Investitionen zahlen sich aus
Dabei rechnen sich Investitionen eines clever angelegten Konjunkturprogramms oft: nimmt man einen Kredit mit 3 Prozent Zinsen auf, um Bildung zu fördern, erhält man intelligentere Absolventen, die später höher qualifizierte und besser bezahlte Berufe ausüben können – und dadurch höhere Steuern zahlen können. Den 3 Prozent Zinsen steht im Durchschnitt eine Rendite von 10 Prozent gegenüber. Der neoliberale Medien- und Politikmainstream ignoriert diesen Zusammenhang und bezeichnet trotz der früheren Erfolge von deutschen Konjunkturprogrammen ("Globalsteuerung") jedes Gegensteuern im Abschwung als "Strohfeuer".

Todesstoß für Binnennachfrage - Arbeitslosigkeit explodiert
Durch all diese Kürzungen hätten die Bürger weniger Geld, könnten weniger kaufen – was die ohnehin schwache Binnennachfrage in Deutschland weiter als bisher in den Abgrund reißen wird - und je stärker die Nachfrage sinkt, desto höher fällt die Arbeitslosigkeit aus. Selbst eine Rot-rot-grüne Regierung hätte dann keinen Spielraum mehr für eine sozialere Politik. Und darauf zielt diese Schuldenbremse in Wirklichkeit auch ab: politisch vorzusorgen, daß die Wut der Bevölkerung über die Vergeudung ihrer Steuergelder folgenlos bleibt.

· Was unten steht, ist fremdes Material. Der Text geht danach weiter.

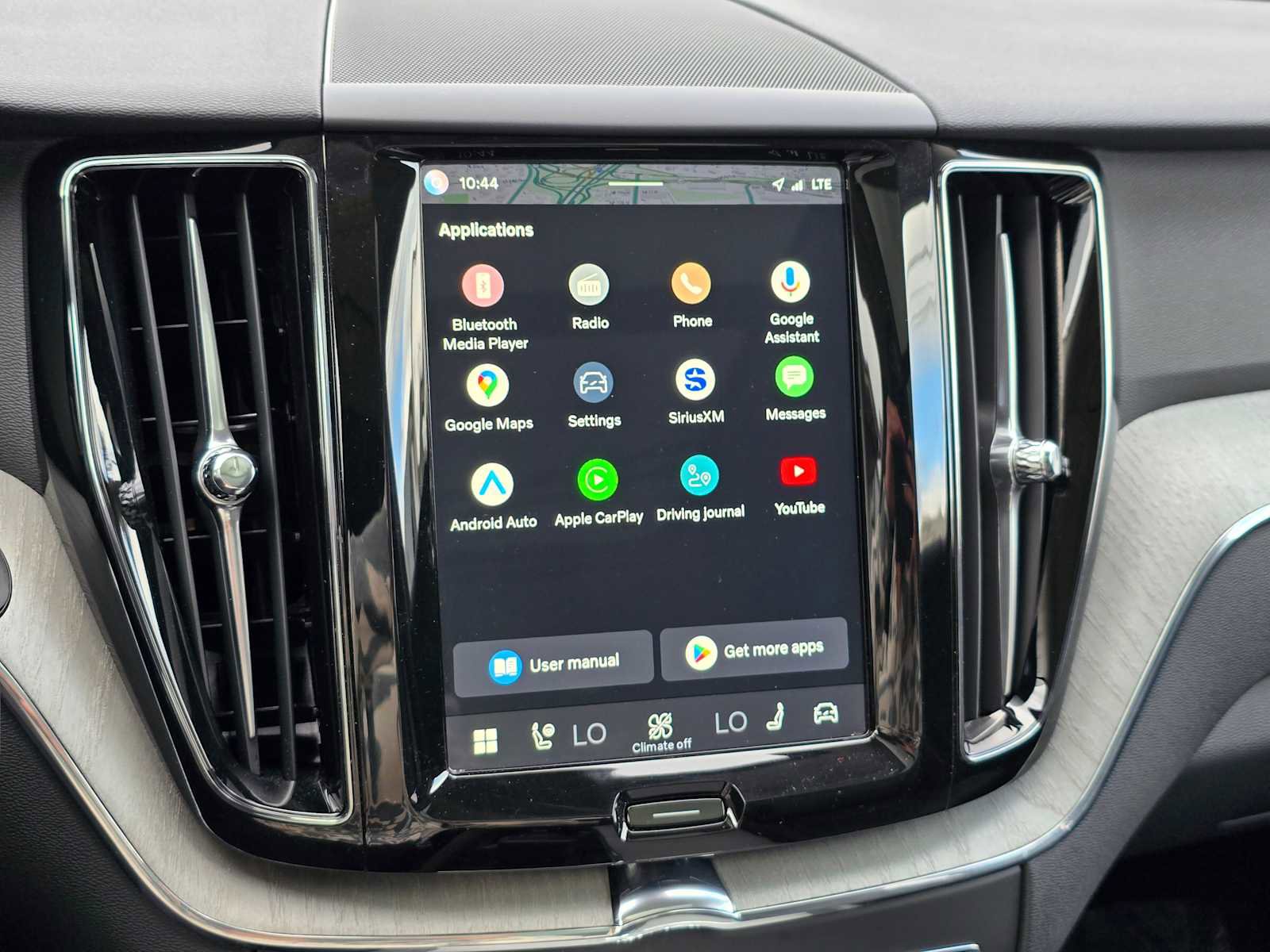 Certified 2025 Volvo XC60 B5 Plus image 24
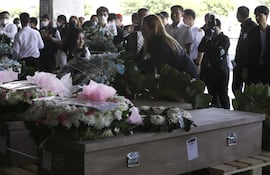 Reporteros sin Fronteras (RSF) ha presentado una denuncia por crímenes de guerra cometidos por el Ejército israelí contra medios de comunicación y periodistas en el ejercicio de su trabajo en Gaza, y también contra Hamás por asesinar a un periodista israelí que documentaba el ataque a un kibutz.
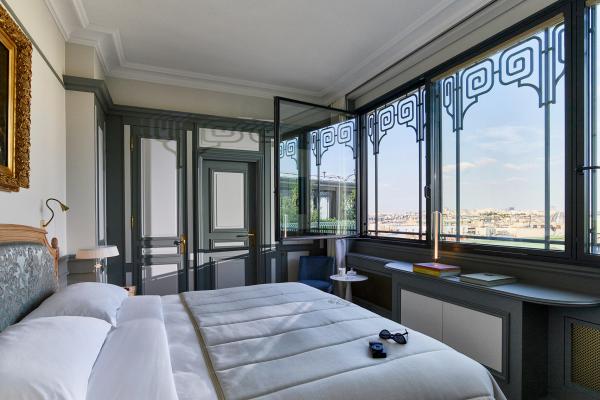 Le Meurice bedrooms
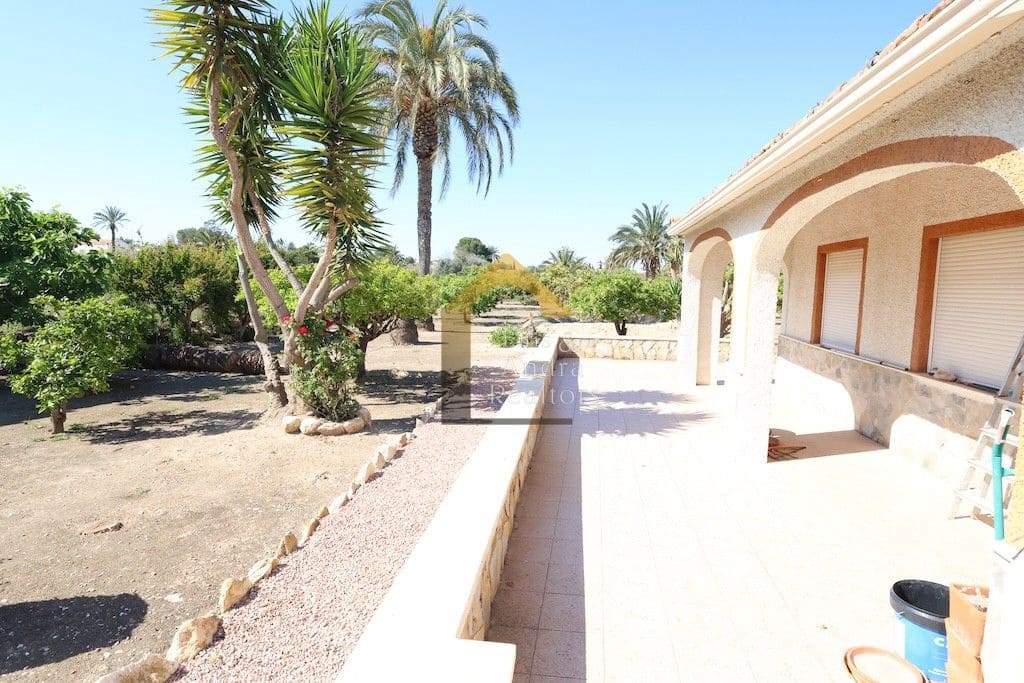 5 sovrum Villa till salu i Elche / Elx med garage - 539 000 € (Ref: 9906788)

Denkfehler Schulden: bei wem wird geliehen?
Ein weiterer Aspekt ist der weit verbreitete Denkfehler, daß mit Staatsschulden zukünftige Generationen über Gebühr belastet werden. Doch zukünftige Generationen erben nicht nur die Schulden, sondern auch die Guthaben, denn einem Schuldner steht auch immer derjenige gegenüber, der verleiht. Es ist also kein Verteilungsproblem zwischen der heutigen und der zukünftigen Generation, sondern ein Verteilungsproblem innerhalb einer Generation: zwischen den Armen und dem Mittelstand auf der einen Seite – und den Wohlhabenden, die über Bundesschatzbriefe oder Bankaktien der Bankhäuser verfügen, welche dem Staat das Geld verleihen. Groteskerweise muß der Staat von denen, denen er die Steuern im letzten Jahrzehnt massiv gesenkt hat, nun das Geld leihen, das ihm durch die Steuersenkungen fehlt. Statt diesen Fehler zuzugeben, fährt die Merkel-Regierung im neuen Konjunkturpaket mit Steuersenkungen für Reiche fort und setzt obendrein noch falsche Akzente, indem sie eine halbe Milliarde Euro der Bundeswehr zur Verfügung bestellt, damit diese weitere Rüstungsgüter einkaufen kann.

Alternativ-Vorschlag
Sinnvoller wäre es, die Neuaufnahme von Schulden nur in Zeiten des Aufschwungs zu verbieten, um die Handlungsfähigkeit des Staates bei einem Abschwung zu erhalten (antizyklische Wirtschaftspolitik). Darüberhinaus können die Wiedereinführung der Vermögenssteuer, das Anheben des Spitzensteuersatzes, das Anheben der Erbschaftssteuer für große Vermögen und eine Börsentransaktionssteuer verhindern, daß überhaupt neue Schulden aufgenommen werden müssen. Doch dazu müßte das neoliberale Parteienkartell aus CDU, CSU, FDP, SPD und Grünen endlich die Scheuklappen abwerfen, die dafür sorgen, daß Reiche geschont werden, während es für die meisten Bürger nur bergab geht.

Massiver Widerstand nötig - nur Reiche können sich schwachen Staat leisten
Es ist eine Schande für eine Partei, die sich als sozialdemokratisch bezeichnet, daß ihr Finanzminister einerseits den Banken Milliarden hinterherwirft und gleichzeitig den Staat für all die, die auf sein Funktionieren und seine Leistungen angewiesen sind, zu kastrieren. Wenn die SPD nicht weiter bei Wahlen abstürzen möchte, sollte sie im Parlament dagegen stimmen. Falls der rechte Parteiflügel sich hier durchsetzt, sollte zumindest der verbliebene linke Parteiflügel die Schuldenbremse durchfallen lassen. Ferner sind Demonstrationen und gegebenenfalls auch Massenstreiks notwendig, denn wenn die Schuldenbremse erst ihren Weg in das Grundgesetz gefunden hat, dann ist es völlig egal, wer regiert - es wird nur noch sozial bergab gehen.